While content delivery by the instructor can be substituted for with content found in open educational resources (e.g. Khan Academy, HippoCampus, MERLOT), there is no substitute for creating the most engaging and authentic circumstances for inquiry and learning--that is what course design is all about.

Wednesday, August 8, 2012

Course redesign: fostering student success in the face of considerable challenges

Reason number 2 to redesign courses: Redesigned courses can better respond to challenging trends that, if left unanswered, work against student engagement and persistence.

The trends are clear: Publicly funded colleges and universities are serving more students, who are less prepared, with less state support.

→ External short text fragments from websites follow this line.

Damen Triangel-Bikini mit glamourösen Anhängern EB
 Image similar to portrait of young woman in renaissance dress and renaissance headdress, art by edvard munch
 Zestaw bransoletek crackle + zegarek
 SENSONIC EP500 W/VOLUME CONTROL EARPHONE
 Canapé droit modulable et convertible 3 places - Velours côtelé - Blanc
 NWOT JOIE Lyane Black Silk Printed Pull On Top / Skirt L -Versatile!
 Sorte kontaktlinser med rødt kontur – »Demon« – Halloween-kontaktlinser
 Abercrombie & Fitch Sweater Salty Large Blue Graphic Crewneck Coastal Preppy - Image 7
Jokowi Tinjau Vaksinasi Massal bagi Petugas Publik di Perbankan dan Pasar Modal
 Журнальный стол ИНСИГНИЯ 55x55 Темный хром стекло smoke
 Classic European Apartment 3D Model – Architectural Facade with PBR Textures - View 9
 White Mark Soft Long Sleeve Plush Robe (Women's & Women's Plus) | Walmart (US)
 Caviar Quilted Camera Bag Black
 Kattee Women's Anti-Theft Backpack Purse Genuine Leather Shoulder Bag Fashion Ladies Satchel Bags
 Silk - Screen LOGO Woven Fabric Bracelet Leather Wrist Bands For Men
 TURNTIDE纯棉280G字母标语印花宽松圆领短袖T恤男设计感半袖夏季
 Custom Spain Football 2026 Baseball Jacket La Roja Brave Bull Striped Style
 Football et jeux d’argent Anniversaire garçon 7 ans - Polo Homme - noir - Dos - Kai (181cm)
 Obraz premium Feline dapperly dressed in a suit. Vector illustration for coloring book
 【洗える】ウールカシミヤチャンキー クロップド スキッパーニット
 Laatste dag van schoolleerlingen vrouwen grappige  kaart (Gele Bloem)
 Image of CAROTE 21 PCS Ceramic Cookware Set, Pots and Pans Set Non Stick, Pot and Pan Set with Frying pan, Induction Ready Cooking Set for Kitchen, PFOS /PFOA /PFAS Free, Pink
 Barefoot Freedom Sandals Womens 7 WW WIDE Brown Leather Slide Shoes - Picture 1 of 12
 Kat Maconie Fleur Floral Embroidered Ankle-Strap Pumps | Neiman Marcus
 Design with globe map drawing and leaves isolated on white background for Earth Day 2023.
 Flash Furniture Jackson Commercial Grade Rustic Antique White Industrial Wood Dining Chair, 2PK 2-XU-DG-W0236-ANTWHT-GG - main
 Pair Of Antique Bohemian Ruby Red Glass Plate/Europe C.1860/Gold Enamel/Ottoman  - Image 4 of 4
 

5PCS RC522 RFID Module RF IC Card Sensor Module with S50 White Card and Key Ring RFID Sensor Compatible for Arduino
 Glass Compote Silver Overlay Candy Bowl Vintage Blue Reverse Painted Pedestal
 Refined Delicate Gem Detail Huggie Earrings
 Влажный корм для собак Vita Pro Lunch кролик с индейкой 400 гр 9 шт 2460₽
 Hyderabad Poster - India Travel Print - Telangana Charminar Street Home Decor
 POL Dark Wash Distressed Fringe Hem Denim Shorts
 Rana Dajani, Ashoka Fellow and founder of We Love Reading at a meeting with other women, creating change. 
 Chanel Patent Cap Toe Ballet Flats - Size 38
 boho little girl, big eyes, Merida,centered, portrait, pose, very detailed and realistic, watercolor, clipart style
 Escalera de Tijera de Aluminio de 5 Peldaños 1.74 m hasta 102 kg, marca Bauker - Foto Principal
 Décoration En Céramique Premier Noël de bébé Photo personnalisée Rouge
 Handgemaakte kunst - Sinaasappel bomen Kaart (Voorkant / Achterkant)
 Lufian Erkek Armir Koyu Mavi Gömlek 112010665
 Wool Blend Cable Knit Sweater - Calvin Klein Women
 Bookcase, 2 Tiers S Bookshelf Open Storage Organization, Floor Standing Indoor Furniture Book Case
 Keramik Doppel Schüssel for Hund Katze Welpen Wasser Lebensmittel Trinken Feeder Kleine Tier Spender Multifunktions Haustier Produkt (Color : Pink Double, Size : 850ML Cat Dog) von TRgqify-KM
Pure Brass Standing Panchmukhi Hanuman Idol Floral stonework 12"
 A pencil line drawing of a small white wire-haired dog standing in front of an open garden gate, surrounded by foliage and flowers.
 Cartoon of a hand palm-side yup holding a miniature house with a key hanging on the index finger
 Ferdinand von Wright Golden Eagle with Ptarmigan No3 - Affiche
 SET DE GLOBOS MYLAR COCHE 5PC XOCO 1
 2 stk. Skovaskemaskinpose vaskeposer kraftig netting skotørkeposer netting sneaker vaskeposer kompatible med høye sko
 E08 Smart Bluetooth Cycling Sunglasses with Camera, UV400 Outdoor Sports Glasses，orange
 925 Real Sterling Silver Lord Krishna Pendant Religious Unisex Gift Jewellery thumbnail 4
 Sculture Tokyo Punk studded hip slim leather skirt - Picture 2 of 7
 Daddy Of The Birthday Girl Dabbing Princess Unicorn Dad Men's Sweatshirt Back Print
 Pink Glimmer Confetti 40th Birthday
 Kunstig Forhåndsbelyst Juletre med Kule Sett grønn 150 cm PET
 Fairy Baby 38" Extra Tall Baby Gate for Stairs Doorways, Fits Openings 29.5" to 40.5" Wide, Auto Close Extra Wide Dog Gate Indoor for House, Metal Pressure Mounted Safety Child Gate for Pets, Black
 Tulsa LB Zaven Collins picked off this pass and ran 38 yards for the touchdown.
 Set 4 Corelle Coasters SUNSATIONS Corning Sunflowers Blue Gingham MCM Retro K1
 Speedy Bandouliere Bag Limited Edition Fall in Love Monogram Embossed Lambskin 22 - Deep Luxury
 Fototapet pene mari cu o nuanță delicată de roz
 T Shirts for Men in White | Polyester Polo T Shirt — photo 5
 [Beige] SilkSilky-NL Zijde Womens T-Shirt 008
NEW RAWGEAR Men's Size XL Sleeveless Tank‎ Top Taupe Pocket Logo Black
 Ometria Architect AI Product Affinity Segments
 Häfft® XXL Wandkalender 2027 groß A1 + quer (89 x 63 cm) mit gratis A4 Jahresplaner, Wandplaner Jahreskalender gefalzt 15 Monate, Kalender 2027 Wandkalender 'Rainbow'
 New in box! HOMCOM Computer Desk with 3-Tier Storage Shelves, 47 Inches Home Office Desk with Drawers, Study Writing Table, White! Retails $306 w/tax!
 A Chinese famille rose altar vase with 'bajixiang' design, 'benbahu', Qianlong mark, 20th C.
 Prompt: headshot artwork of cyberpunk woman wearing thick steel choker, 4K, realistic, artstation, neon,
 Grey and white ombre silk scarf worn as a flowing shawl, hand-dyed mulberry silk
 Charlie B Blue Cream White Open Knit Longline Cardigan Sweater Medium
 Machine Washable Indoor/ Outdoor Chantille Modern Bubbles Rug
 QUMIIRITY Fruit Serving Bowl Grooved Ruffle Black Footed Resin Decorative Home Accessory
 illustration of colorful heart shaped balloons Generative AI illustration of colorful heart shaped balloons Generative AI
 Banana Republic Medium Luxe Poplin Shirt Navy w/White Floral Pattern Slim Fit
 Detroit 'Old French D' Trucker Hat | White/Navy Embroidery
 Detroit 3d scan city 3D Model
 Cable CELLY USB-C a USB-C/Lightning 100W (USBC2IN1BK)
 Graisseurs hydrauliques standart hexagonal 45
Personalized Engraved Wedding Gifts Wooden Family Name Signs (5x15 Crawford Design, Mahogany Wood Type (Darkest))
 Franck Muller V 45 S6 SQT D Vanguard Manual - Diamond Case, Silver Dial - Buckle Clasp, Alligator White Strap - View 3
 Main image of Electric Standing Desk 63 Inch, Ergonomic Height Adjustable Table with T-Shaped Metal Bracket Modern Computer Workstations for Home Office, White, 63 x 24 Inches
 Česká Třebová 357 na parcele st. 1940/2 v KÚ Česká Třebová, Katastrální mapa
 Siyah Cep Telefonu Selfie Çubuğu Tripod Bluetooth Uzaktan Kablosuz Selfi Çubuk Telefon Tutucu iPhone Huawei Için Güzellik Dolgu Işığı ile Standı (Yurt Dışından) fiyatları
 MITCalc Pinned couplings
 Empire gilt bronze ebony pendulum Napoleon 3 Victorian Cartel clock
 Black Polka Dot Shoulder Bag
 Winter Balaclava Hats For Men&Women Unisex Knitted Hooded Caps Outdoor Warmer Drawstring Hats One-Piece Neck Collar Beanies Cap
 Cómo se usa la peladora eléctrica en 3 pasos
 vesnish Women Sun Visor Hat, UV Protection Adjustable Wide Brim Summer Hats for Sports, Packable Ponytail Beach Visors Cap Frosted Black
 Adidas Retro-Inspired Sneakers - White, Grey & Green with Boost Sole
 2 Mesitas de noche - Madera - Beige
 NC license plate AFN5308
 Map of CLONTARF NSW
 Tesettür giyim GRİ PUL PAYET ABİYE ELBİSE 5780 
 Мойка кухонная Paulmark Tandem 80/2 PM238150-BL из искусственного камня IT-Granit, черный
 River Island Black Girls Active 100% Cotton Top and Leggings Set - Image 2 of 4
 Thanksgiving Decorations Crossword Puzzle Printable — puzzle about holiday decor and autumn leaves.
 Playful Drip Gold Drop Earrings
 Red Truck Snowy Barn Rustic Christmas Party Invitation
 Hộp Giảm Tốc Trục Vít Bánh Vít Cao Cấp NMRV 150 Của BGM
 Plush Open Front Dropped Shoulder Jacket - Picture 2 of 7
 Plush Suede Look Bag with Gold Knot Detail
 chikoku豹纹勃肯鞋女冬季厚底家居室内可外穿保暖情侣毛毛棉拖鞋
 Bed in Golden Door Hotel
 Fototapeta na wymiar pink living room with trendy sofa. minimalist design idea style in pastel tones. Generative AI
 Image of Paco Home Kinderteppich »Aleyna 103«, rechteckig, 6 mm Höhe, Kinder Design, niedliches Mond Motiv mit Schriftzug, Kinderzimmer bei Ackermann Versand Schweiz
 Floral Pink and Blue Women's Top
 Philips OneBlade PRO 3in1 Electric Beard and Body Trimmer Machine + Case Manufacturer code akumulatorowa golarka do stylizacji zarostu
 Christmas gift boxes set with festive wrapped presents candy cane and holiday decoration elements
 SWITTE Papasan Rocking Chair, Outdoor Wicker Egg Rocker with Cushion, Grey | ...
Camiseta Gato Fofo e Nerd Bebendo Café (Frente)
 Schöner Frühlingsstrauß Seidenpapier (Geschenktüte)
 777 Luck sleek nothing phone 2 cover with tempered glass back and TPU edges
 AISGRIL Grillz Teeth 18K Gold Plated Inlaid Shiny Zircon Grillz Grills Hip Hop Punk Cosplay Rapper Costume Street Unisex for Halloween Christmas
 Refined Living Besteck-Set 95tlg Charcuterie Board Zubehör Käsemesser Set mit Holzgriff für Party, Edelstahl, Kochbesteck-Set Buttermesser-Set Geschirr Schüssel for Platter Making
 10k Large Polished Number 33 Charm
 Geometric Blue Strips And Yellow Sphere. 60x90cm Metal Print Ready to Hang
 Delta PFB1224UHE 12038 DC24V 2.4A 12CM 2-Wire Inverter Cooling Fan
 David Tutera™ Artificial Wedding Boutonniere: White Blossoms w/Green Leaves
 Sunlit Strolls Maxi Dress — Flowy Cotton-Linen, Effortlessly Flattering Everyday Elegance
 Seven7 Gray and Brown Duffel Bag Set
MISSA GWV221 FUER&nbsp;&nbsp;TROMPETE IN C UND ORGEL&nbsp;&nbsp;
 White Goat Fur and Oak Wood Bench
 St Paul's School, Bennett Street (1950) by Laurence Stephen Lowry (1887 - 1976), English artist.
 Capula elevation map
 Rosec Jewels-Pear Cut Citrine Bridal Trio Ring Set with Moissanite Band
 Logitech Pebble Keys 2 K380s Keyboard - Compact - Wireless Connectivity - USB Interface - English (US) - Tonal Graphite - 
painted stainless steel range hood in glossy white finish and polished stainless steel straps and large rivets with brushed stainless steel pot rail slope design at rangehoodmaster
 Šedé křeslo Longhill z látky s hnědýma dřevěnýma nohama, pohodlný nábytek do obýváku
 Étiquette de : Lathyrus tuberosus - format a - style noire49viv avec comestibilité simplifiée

Vincent Tinto describes these trends and the challenges they bring:

For over 40 years access to higher education has improved, and college enrollments swelled from nearly 9 million students in 1980 to over 20 million today. But while enrollments have more than doubled, overall college completion rates have increased only slightly. Only about half of all college students in the U.S. earn a degree or certificate within six years. For community college students the numbers are worse--a little over a third earn a degree or certificate. The struggles of low-income and first-generation community college students are most troubling--only one-quarter of them complete a credential.

The facts are clear. Despite our success in improving access to college, we have been unable to convert those gains into higher completion rates... (Tinto, 2011)

MSU Denver’s own student persistence and graduation rates fall right in line with these broader trends. Our 6-year graduation rate hovers around 20% (a figure, albeit, that counts only students who enter as full-time first-time college students).

These underlying trends are not likely to change. No one is expecting an infusion of increased public funds into higher education. The level of student preparedness for college is not likely to change in any significant way. Regional comprehensive institutions like MSU Denver have been adapting and will need to continue adaping in order to meet students’ needs with fewer resources. Redesigned courses are one solution.

One motivation for redesigning courses--not the motivation I want to stress here, but one motivation nonetheless--is financial. Redesigned courses have the potential to foster deeper learning at a lower cost per student (yes, this means that class sizes can grow while still improving in student learning outcomes). Also, financial gains can be obtained by reducing the number of students who withdraw from a course or who earn a D or F. In their book Next Generation Course Redesign, Burner and Carriveau explain:

If a student does not succeed in a general education course, there are consequences for both the student and the institution, most of them bad. Many of these students are discouraged and drop out. In fact, students who performed well in introductory courses were twice as likely to complete the degree as their less successful counterparts. Those who do not succeed and persist in the program must retake the course, taking a seat away from an entering student. Sometimes up to 50% of the seats in notorious “bottleneck” courses are taken up by repeaters. (p. 5)

No one who is serious about course redesign, though, thinks that cost savings are the primary reason why we should rethink how students spend their time learning in and out of class. Obviously it’s about the learning, and redesigned courses can promote student learning, or student success even in the face of challenging trends, by doing the following:

  • increasing student’s time on task (remember the one who does the work is the one who learns)
  • aligning instruction with how the mind works
  • creating the greatest opportunity for students to learn, practice, and show mastery of skills and content
  • embedding frequent opportunities for feedback
  • giving students the chance to understand patterns, make connections, formulate meaning, and learn deeply.

Make it more likely for a student to learn and succeed in a single class, and you make it more likely for that same student to succeed throughout an entire course of study and graduate with a degree!